We have all seen an example of reddening on Earth. The Sun appears much redder at sunset than it does at noon. The lower the Sun is in the sky, the longer the path its light must travel through the atmosphere. Over this greater distance, there is a greater chance that sunlight will be scattered. Since red light is less likely to be scattered than blue light, the Sun appears more and more red as it approaches the horizon.
By the way, scattering of sunlight is also what causes our sky to look blue, even though the gases that make up Earth’s atmosphere are transparent. As sunlight comes in, it scatters from the molecules of air. The small size of the molecules means that the blue colors scatter much more efficiently than the greens, yellows, and reds. Thus, the blue in sunlight is scattered out of the beam and all over the sky. The light from the Sun that comes to your eye, on the other hand, is missing some of its blue, so the Sun looks a bit yellower, even when it is high in the sky, than it would from space.

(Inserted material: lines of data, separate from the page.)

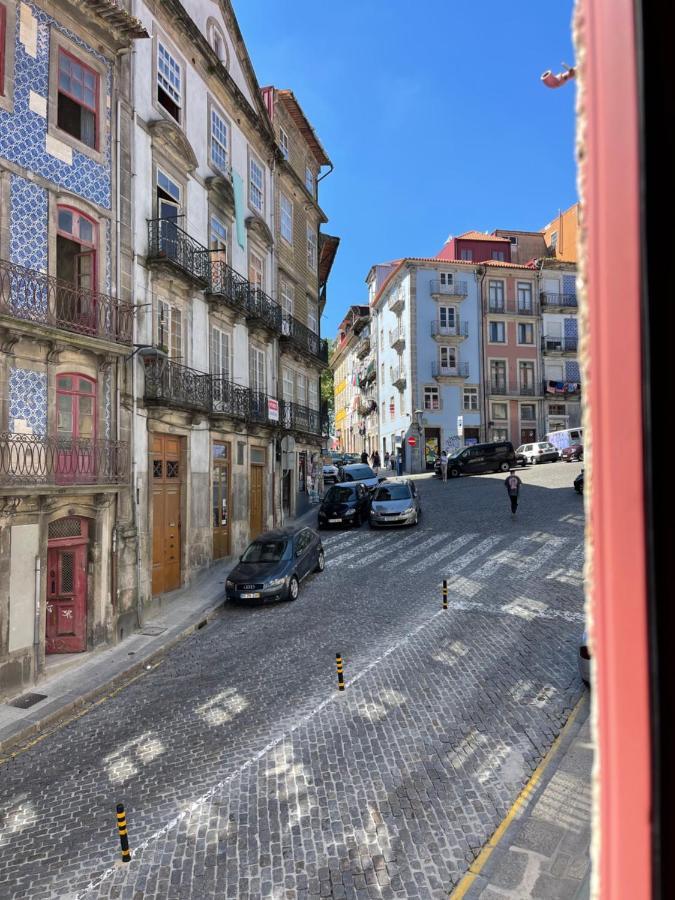 Апартаменти Historic Porto Balcony Hideaway - Taipas House 60 Екстер'єр фото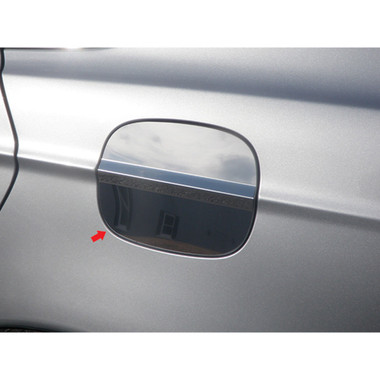Luxury FX | Gas Door Covers | 13-14 Ford Fusion | LUXFX0265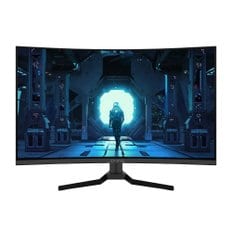 주연테크 X32QC-165 32인치 커브드 게이밍 모니터 QHD 165Hz 1ms 1500R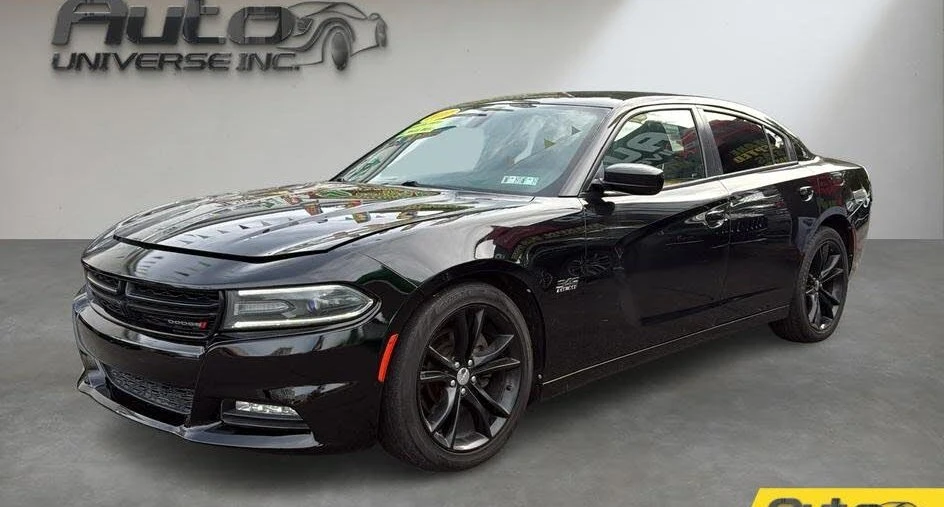 2017 Dodge Charger 7th Gen - Image 3 of 17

The fact that starlight is reddened by interstellar dust means that long-wavelength radiation is transmitted through the Galaxy more efficiently than short-wavelength radiation. Consequently, if we wish to see farther in a direction with considerable interstellar material, we should look at long wavelengths. This simple fact provides one of the motivations for the development of infrared astronomy. In the infrared region at 2 microns (2000 nanometers), for example, the obscuration is only one-sixth as great as in the visible region (500 nanometers), and we can therefore study stars that are more than twice as distant before their light is blocked by interstellar dust. This ability to see farther by observing in the infrared portion of the spectrum represents a major gain for astronomers trying to understand the structure of our Galaxy or probing its puzzling, but distant, center (see The Milky Way Galaxy ).